From: Vladimir Davydov <vdavy...@virtuozzo.com>

The new file is supposed to be used for migrating pages accounted to a
memory cgroup to a particular set of numa nodes. The reason to add it is
that currently there's no API for migrating unmapped file pages used for
storing page cache (neither migrate_pages syscall nor cpuset subsys
doesn't provide this functionality).

The file is added to the memory cgroup and has the following format:

  NODELIST[ MAX_SCAN]

where NODELIST is a comma-separated list of ranges N1-N2 specifying the set
of nodes to migrate pages of this cgroup to, and the optional MAX_SCAN
imposes a limit on the number of pages that can be migrated in one go.

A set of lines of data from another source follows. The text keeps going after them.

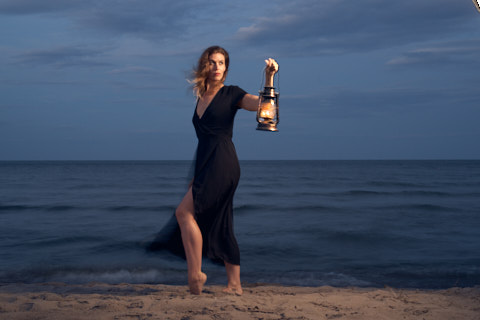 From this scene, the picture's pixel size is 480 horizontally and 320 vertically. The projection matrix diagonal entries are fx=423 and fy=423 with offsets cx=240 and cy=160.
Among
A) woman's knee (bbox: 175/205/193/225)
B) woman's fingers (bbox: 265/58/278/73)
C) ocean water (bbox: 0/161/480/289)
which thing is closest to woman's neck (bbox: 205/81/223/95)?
woman's fingers (bbox: 265/58/278/73)

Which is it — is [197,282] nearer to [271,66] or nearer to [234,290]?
[234,290]

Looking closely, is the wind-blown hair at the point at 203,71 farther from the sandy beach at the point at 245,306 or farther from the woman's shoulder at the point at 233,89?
the sandy beach at the point at 245,306

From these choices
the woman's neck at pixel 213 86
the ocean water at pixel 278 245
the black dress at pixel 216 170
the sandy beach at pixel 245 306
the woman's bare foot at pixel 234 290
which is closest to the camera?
the sandy beach at pixel 245 306

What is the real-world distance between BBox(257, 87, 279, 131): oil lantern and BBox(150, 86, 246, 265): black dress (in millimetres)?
386

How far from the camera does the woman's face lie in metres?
3.64

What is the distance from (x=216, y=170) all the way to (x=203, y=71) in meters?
0.87

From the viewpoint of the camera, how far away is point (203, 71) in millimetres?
3670

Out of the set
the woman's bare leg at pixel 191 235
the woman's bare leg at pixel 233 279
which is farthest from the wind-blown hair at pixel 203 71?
the woman's bare leg at pixel 233 279

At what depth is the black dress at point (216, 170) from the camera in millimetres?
3553

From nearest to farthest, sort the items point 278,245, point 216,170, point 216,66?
1. point 216,170
2. point 216,66
3. point 278,245

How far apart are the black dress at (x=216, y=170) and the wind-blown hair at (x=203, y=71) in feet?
0.63

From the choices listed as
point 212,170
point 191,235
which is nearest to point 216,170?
Answer: point 212,170

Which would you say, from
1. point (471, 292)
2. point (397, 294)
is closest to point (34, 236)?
point (397, 294)

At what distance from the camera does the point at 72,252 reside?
7.12 metres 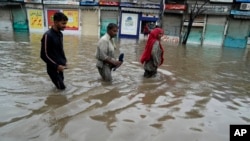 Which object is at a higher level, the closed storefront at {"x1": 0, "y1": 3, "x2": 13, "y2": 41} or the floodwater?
the closed storefront at {"x1": 0, "y1": 3, "x2": 13, "y2": 41}

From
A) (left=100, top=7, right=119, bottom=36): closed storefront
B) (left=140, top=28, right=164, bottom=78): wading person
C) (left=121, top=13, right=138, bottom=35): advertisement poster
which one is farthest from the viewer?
(left=100, top=7, right=119, bottom=36): closed storefront

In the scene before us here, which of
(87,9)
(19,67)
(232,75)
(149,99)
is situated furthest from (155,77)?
(87,9)

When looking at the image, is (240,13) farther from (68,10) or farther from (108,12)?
(68,10)

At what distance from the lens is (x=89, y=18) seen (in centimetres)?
3219

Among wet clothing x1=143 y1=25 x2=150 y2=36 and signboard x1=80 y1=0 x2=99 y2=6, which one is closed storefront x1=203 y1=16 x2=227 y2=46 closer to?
wet clothing x1=143 y1=25 x2=150 y2=36

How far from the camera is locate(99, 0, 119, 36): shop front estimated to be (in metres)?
31.1

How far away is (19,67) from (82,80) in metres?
2.70

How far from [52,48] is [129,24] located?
26594 mm

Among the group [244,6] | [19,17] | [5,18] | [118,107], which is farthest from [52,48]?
[5,18]

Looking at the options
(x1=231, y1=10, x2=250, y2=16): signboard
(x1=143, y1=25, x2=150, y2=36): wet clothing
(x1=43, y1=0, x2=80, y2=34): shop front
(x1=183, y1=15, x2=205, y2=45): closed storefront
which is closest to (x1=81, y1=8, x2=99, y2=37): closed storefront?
(x1=43, y1=0, x2=80, y2=34): shop front

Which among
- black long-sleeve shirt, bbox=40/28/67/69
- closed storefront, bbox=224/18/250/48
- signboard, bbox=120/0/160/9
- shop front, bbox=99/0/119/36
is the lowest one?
closed storefront, bbox=224/18/250/48

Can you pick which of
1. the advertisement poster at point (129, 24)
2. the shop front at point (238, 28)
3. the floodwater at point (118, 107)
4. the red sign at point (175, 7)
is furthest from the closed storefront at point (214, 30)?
the floodwater at point (118, 107)

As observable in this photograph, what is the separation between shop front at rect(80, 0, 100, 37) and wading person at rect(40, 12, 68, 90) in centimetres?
2660

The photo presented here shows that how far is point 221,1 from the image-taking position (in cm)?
2945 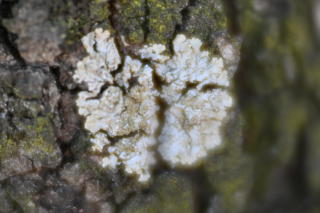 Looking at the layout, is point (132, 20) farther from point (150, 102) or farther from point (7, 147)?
point (7, 147)

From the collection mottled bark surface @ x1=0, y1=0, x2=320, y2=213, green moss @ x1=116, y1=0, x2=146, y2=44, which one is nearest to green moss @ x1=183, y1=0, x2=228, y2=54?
mottled bark surface @ x1=0, y1=0, x2=320, y2=213

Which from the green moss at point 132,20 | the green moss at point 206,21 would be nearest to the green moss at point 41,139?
the green moss at point 132,20

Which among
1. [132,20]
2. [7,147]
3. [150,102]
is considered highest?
Result: [132,20]

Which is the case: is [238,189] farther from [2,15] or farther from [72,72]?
[2,15]

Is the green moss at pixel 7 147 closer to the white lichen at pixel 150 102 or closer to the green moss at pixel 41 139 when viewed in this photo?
the green moss at pixel 41 139

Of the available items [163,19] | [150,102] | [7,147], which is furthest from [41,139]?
[163,19]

The call may be interrupted by a signal, in which case -EINTR is returned.

https://jira.sw.ru/browse/PSBM-50875

Signed-off-by: Vladimir Davydov <vdavy...@virtuozzo.com>
Reviewed-by: Andrey Ryabinin <aryabi...@virtuozzo.com>
Cc: Igor Redko <red...@virtuozzo.com>
Cc: Konstantin Neumoin <kneum...@virtuozzo.com>
Signed-off-by: Andrey Ryabinin <aryabi...@virtuozzo.com>

Cherry-picked from vz8 commit 42bd2e736895 ("mm: memcontrol:
add memory.numa_migrate file").

Followed __alloc_pages_nodemask() -> -__alloc_pages() transition.

Followed __update_lru_size() -> update_lru_size() transition.

Followed move of lru_lock from pgdat to lruvec.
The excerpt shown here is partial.